Solution: Given data :
sample size (n) = 30
hypothesized mean value (μ0)= 610
level of significance (α) = 0.05
confidence level = 0.95
Let’s solve this example by the step-by-step procedure.
Step 1: Define the Null Hypothesis and Alternate Hypothesis.
let μ be the mean weight of almonds
Null Hypothesis: the mean score is equal to 610
H0 : μ = 610
Alternate Hypothesis: the mean score is not equal to 610.
Ha : μ ≠ 610
Step 2: level of significance (α) = 0.05
Step 3: Let’s check the assumptions.
# Define given dataset dataset <- c(670,730,540,670,480,800,690,560,590,620,700,660,640,710,650,490,800 ,600,560,700,680,550,580,700,705,690,520,650,660,790) #Create qqplot for the dataset qqnorm(dataset) qqline(dataset)
Since the data lies close to the line y=x and has no big deviations from the line, it’s fine to consider the sample as coming from a normal distribution. We can proceed further with our hypothesis test.
Step 4: Calculate the test statistic using the z.test() function from R.
# Define given dataset dataset <- c(670,730,540,670,480,800,690,560,590,620,700,660,640,710,650,490,800 ,600,560,700,680,550,580,700,705,690,520,650,660,790) #Create qqplot for the dataset qqnorm(dataset) qqline(dataset) # Perform one-sample z-test z.test(x=dataset,mu=610,alternative = "two.sided",sigma.x = 100)
Specify the alternative hypothesis as “two. sided” because we are performing a two-tailed test. The results for the one-sample z-test are as follows.
#Results One-sample z-Test data: dataset z = 1.9809, p-value = 0.0476 alternative hypothesis: true mean is not equal to 610 95 percent confidence interval: 610.3828 681.9505 sample estimates: mean of x 646.1667
Step 5: Interpret the z-test results.
How to interpret z-test results in R?
Let’s see the interpretation of z-test results in R.
data: This gives information about the data set used in the one-sample z-test.
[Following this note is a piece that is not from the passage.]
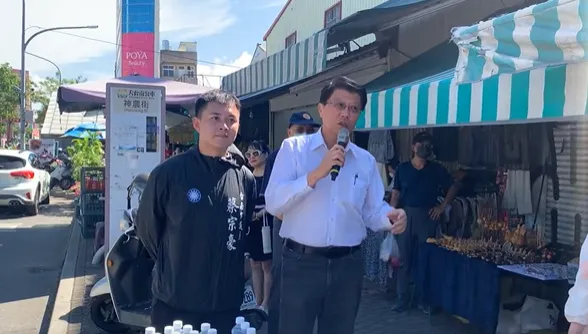 小時候曾和時跟黃仁勳是鄰居！謝龍介：我住廟前、他住廟後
In this, we use dataset vector as data.
z: It is the test statistic of the z-test. In our case, test statistic = 1.9809.
p-value: This is the p-value corresponding to z-test statistic =1.9809. In our case, the p-value is 0.0476.
alternative: It is the alternative hypothesis used for the z-test. In our case, an alternative hypothesis is mean score is not equal to 610 i.e. two-tailed.
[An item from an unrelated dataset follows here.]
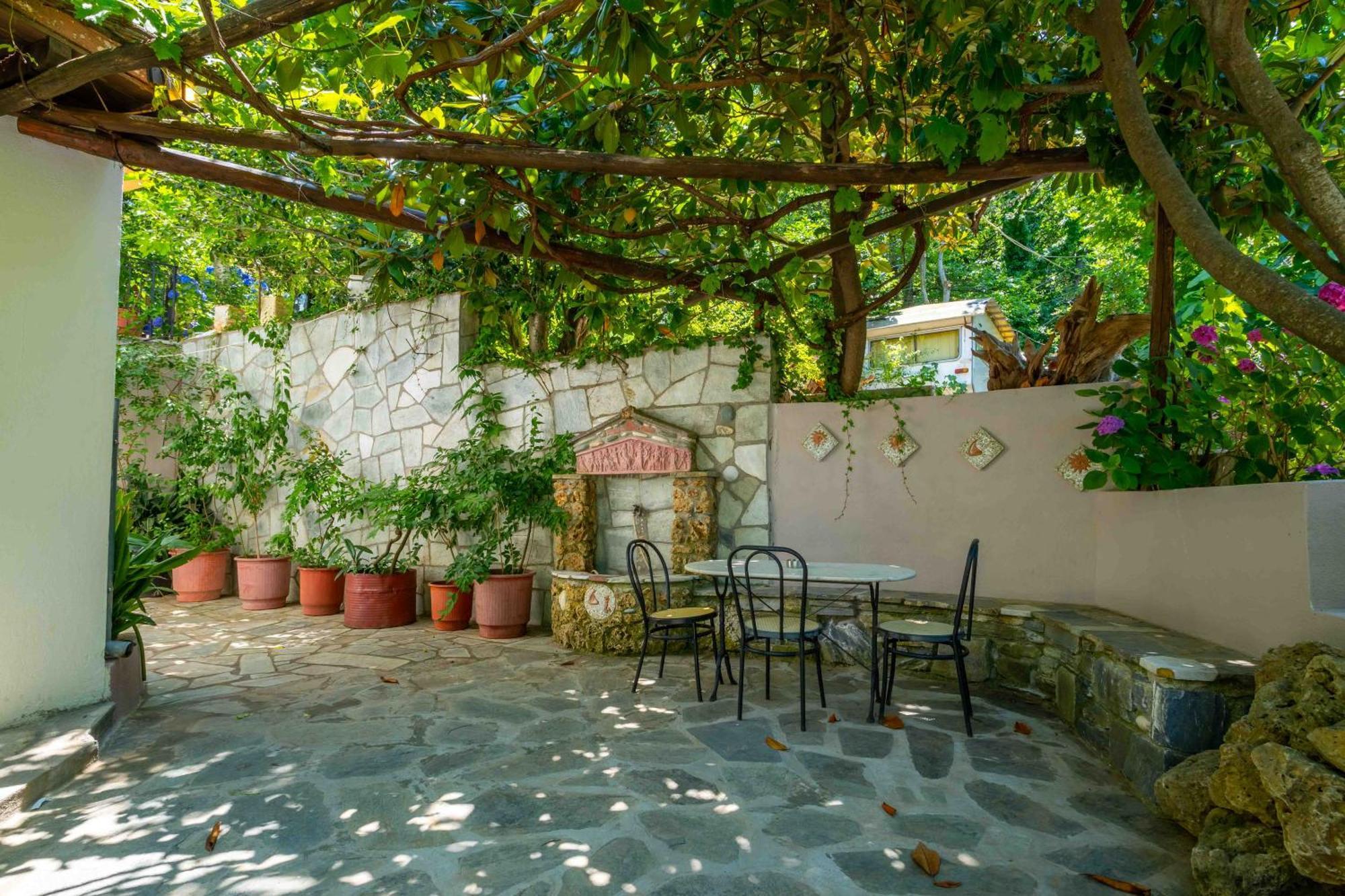 Guesthouse Papachristou ツァガラダ エクステリア 写真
95 percent confidence interval: This gives us a 95% confidence interval for the true mean. Here the 95% confidence interval is [610.3828,681.9505].
sample estimates: It gives the sample mean. In our case, the sample mean is 646.1667.
Step 6: Determine the rejection criteria for the given confidence level and conclude the results whether the test statistic lies in the rejection region or non-rejection region.
Conclusion:
Since the p-value[0.0476] is less than the level of significance (α) = 0.05, we reject the null hypothesis.
This means we have sufficient evidence to say that the mean score for the students is not equal to 610.
One-Sample z-test FAQ
The BSDA Package is needed to do a z-test in R.
Summary
I hope you found the above article on how to Perform a One-sample z-test in R with Examples informative and educational.